Biden Administration Actions to Attract STEM Talent
On January 21, 2022, the
White House released a statement summarizing immigration related efforts to attract and retain foreign national scholars, students, researchers, and experts in science, technology, engineering and mathematics (STEM) in order to strengthen U.S. competitiveness. As part of this initiative, several updates were announced by the U.S. Department of State (DOS) and the U.S. Department of Homeland Security (DHS). Below is the summary of the initiatives.

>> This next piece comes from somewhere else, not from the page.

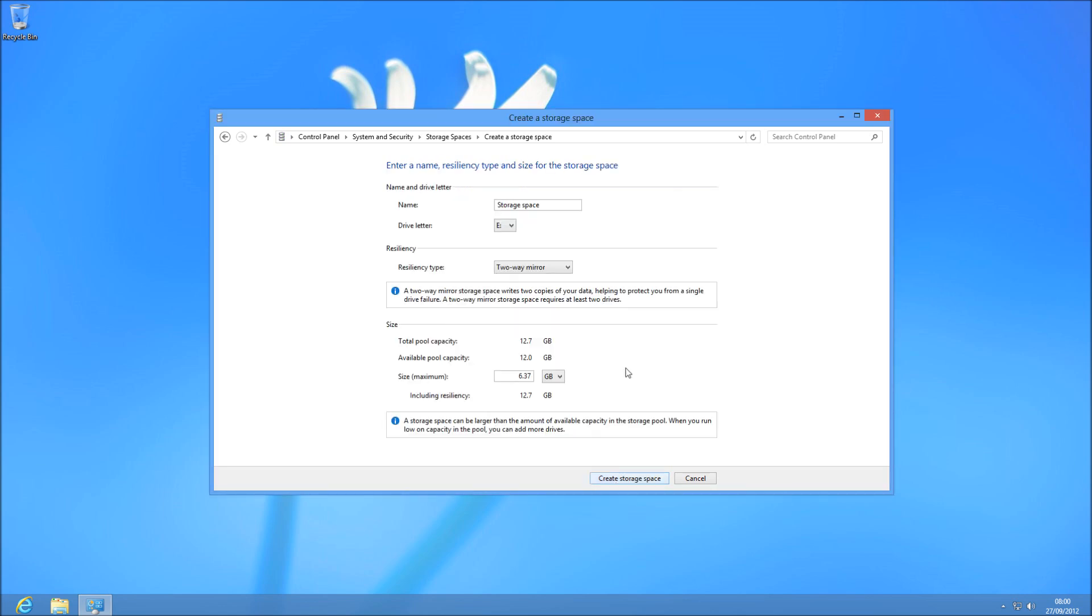Once you've created the pool, first of all you're going to have to name the drive, because it's only going to show as a single space. You're going to call it my first space, and then you've got to assign it a drive letter. It's really easy to use.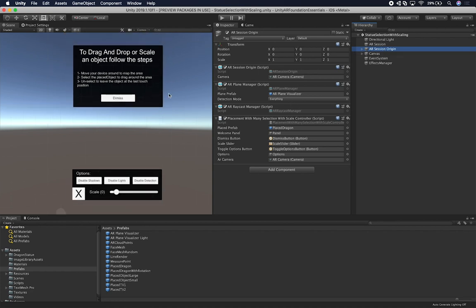The welcome panel is going to be our tutorial. I use it to show the user what they need to do to interact with the experience — move your device around to map the area, select a placed object to drag it around. If you select an area where there's no statue, we're going to instantiate a new statue and place it at that location, as long as we have an actual plane getting detected. If you want to unselect, you can select another statue or area, which creates a new instance and unselects the previous statue.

A. Academic Training Extension for J-1 Students in STEM Fields
The DOS’s Bureau of Educational and Cultural Affairs (ECA) announced the launch of the new program “
Early Career STEM Research Initiative.” This initiative allows BridgeUSA J-1 visitors coming to the U.S. to engage in STEM research through research, training or educational exchange programs with host organizations, including businesses. In addition, ECA also provided guidance that will allow eligible undergraduate and graduate J-1 students in STEM fields to obtain training for up to 36 months. The current training period is 18 months, but with this new guidance, eligible J-1s can seek an extension.
B. DHS Adding 22 Qualifying Field of Study to the STEM Designated Degree Program List
With regard to F-1 students, DHS announced 22 new fields of study that are now to be included in the STEM Optional Practical Training (OPT) program through the Student and Exchange Visitor Program (SEVP). The STEM OPT extension allows students in only certain STEM fields to remain in the U.S. for up to 36 months to complete their OPT after earning their degrees. The new fields that will be added to this list of acceptable fields of study will be announced in the Federal Register. We will release this information once it is available.

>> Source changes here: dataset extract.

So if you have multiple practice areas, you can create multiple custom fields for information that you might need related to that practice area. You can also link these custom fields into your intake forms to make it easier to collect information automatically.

C. National Interest Waivers
USCIS issued a
policy alert regarding changes to adjudication guidelines for National Interest Waiver EB-2 (or “NIW”) petitions for advanced degree professionals or persons of exceptional ability. The goal is to clarify how the NIW can be used by science, technology, engineering and mathematics (“STEM”) graduates and entrepreneurs. It also clarifies the significance of letters from governmental and quasi-governmental entities. The specific highlights according to USCIS are as follows:
It explains the adjudicatory framework for national interest waiver requests under Matter of Dhanasar, 26 I&N Dec. 884 (AAO 2016), including special considerations for endeavors in STEM fields, as well as the significance of letters from governmental and quasi-governmental entities.

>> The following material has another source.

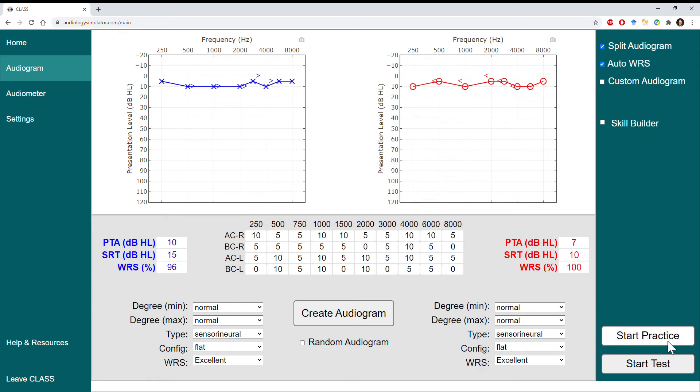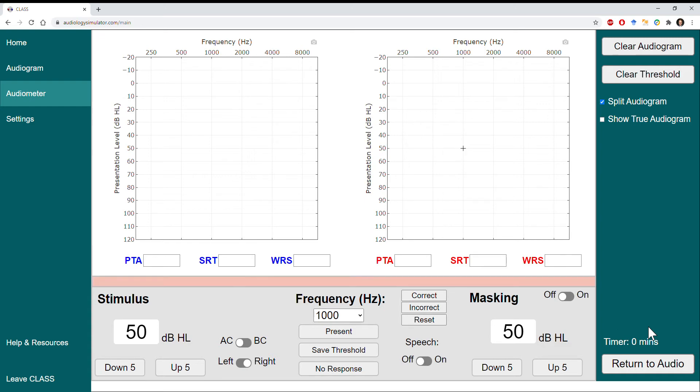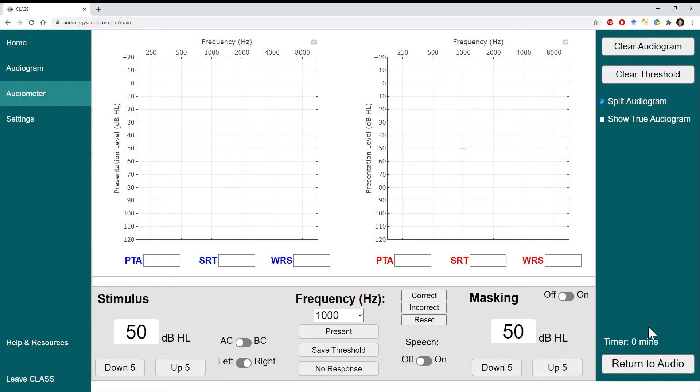We'll click 'Start Practice' so that we can check our work as we go along. We'll start presenting at a level that's good and audible for the patient — 50 dB; the default should be sufficient. I saw that the response light lit up, so I know that I'm above the patient threshold.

It expands on the discussion in Dhanasar to explain how the framework can apply to entrepreneurs.
It incorporates Matter of O-A, Inc., Adopted Decision 2017-03 (AAO Apr. 17, 2017) to explain that USCIS considers the date of a provisional degree certificate for purposes of calculating post-baccalaureate experience.
D. Updated Policy Manual on O-1 Visa
policy alert about its policy guidance related to “extraordinary ability” (O-1A) nonimmigrant status on evidentiary criteria. The policy guidance clarifies how USCIS will evaluate evidence to determine eligibility for O-1 visa “with a focus on persons in science, technology, engineering, or mathematics (STEM) fields” and how USICS will determine whether an O-1 beneficiary’s prospective work is within the beneficiary’s area of extraordinary ability or achievement. Below are the policy highlights:
Adding a chart in an appendix describing examples of evidence that may satisfy the O-1A evidentiary criteria, as well as considerations that are relevant to evaluating such evidence (with a focus on evidence and considerations that are relevant to STEM fields).
Providing examples of qualifying comparable evidence that petitioners could provide in support of a petition for a beneficiary in a STEM field.
Clarifying how USCIS officers evaluate the totality of the evidence to determine O-1A eligibility and provides examples of positive factors that officers may consider.
Explaining that when evaluating whether a beneficiary of extraordinary ability is coming to work in the beneficiary’s “area of extraordinary ability,” officers focus on whether the prospective work involves skillsets, knowledge, or expertise shared with the occupation(s) in which the beneficiary garnered acclaim.
Clarifying that for a beneficiary with a record of extraordinary achievement in MPTV productions, USCIS interprets the beneficiary’s “area of extraordinary achievement” to include any proposed work within the MPTV industry.
USCIS Updates Guidance for Expedite Requests
On January 25, 2022, USCIS
announced an update to its Policy Manual to clarify how it currently treats expedite requests. The new guidance is effective immediately. The update:
Clarifies the criteria and circumstances under which we generally consider expedite requests from nonprofit organizations as determined by the Internal Revenue Service;
Provides additional examples of when we may consider expedite requests made by federal, state, or local agencies, including labor and employment agencies;
Adds examples to further illustrate how the expedite criteria relates to emergencies and urgent humanitarian reasons; and
Explains that some circumstances may affect or delay our ability to expedite an application or petition.
Nonprofit organizations can request expedition in furtherance of the cultural or social interests in the United States. USCIS stresses that nonprofits should be specific about “the beneficiary’s specific role within the nonprofit furthering cultural or social interests (as opposed to the organization’s role in furthering social or cultural interests).” USCIS also pointed out that the request should focus on “why the respective beneficiary is specifically needed, as opposed to pointing to a general shortage alone.”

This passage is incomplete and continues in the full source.